Extracted material:
::::::

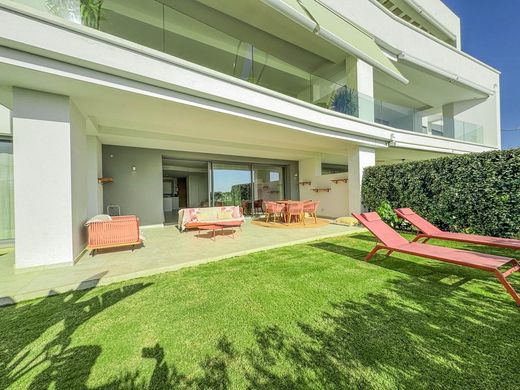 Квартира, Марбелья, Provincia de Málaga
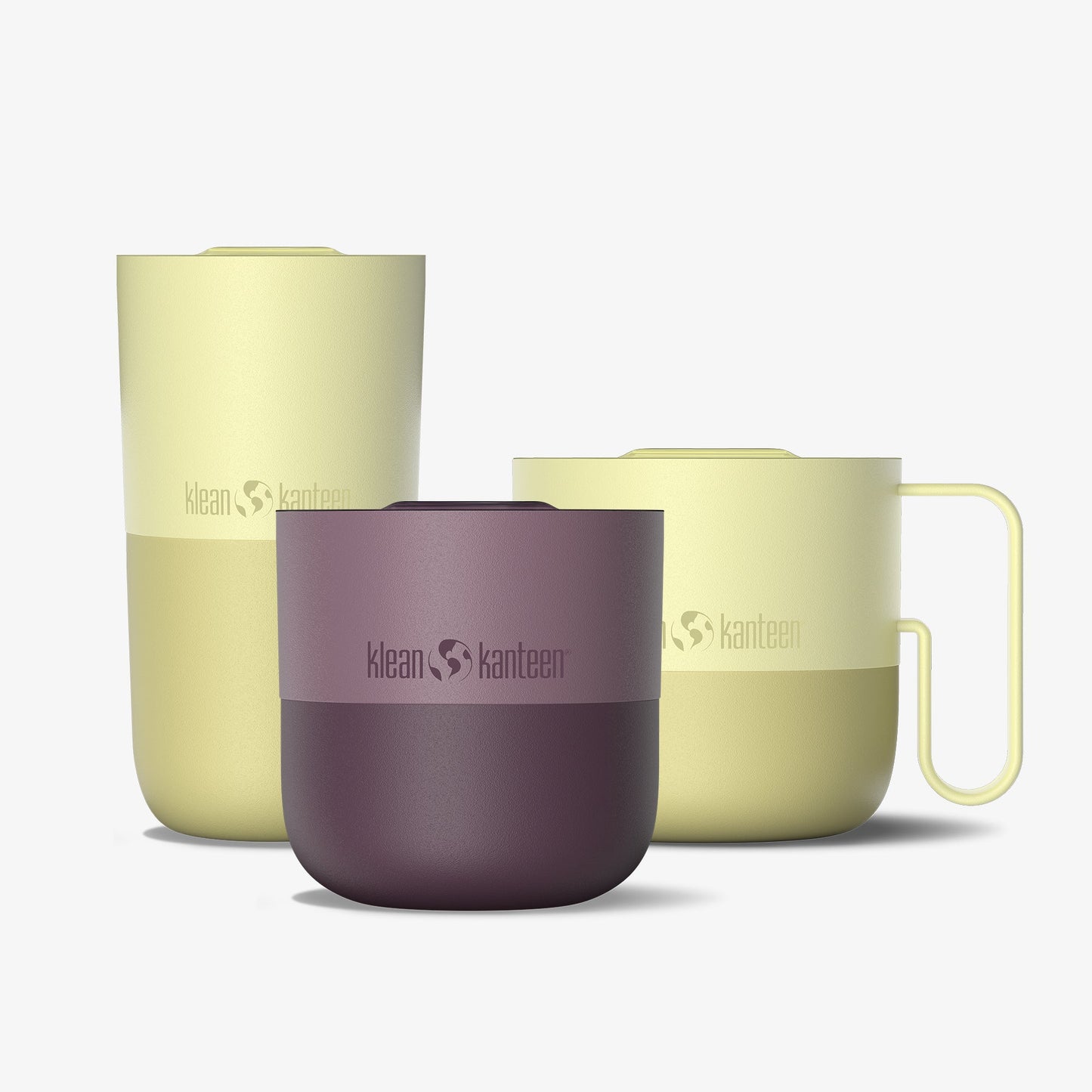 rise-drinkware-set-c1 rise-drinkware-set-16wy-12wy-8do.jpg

::::::

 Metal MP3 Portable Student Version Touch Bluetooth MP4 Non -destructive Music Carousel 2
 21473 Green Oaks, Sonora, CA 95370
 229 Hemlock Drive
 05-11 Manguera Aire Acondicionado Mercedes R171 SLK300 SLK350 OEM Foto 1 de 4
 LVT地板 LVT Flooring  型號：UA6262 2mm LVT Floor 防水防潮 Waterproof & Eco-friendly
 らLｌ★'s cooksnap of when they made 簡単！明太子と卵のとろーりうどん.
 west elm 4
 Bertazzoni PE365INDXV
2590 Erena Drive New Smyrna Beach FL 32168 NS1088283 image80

::::::

Task item: Look through the listing, and copy each line that contains the word "Drive".

Response to the exercise:
 229 Hemlock Drive
2590 Erena Drive New Smyrna Beach FL 32168 NS1088283 image80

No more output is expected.